■ **DATA BLOCK**
※ ※ ※
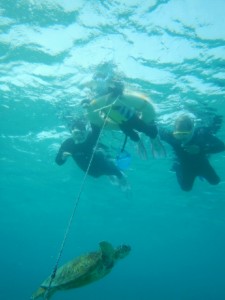 お子様浮き輪シュノーケリング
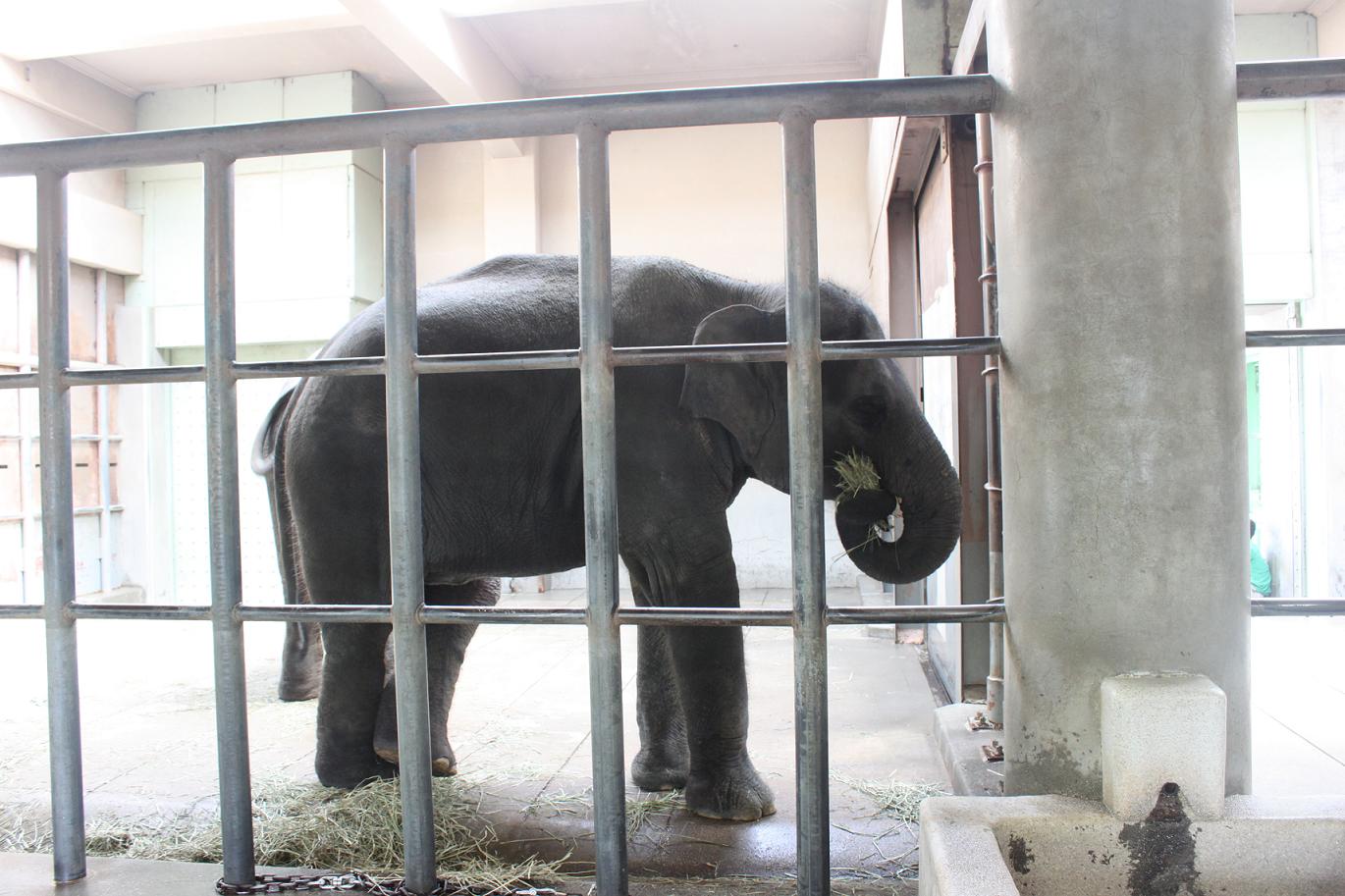 Asian Elephant indoor exhibit.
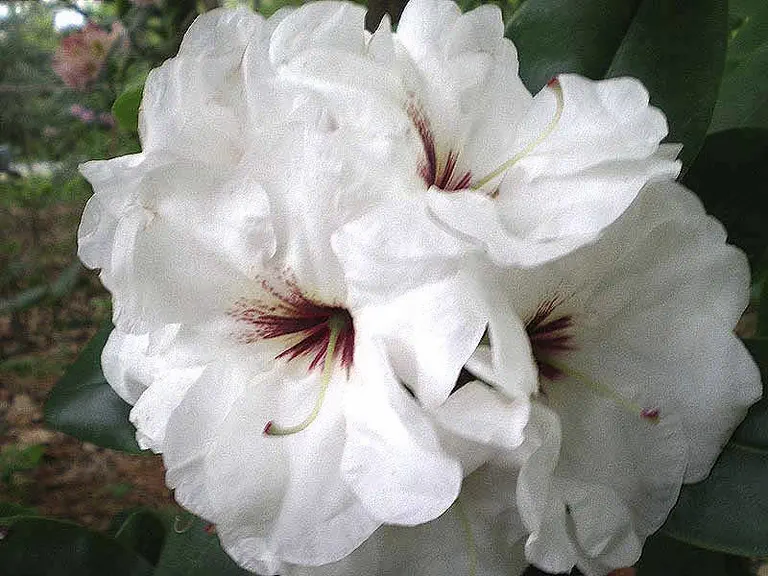 Photo of R. 'White Elegance', Rhododendron Hybrid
※ ※ ※
■ **TASK INSTRUCTIONS**
Across the whole listing above, repeat each line exactly and leave out the images.

■ **FINISHED EXERCISE**
 お子様浮き輪シュノーケリング
 Asian Elephant indoor exhibit.
 Photo of R. 'White Elegance', Rhododendron Hybrid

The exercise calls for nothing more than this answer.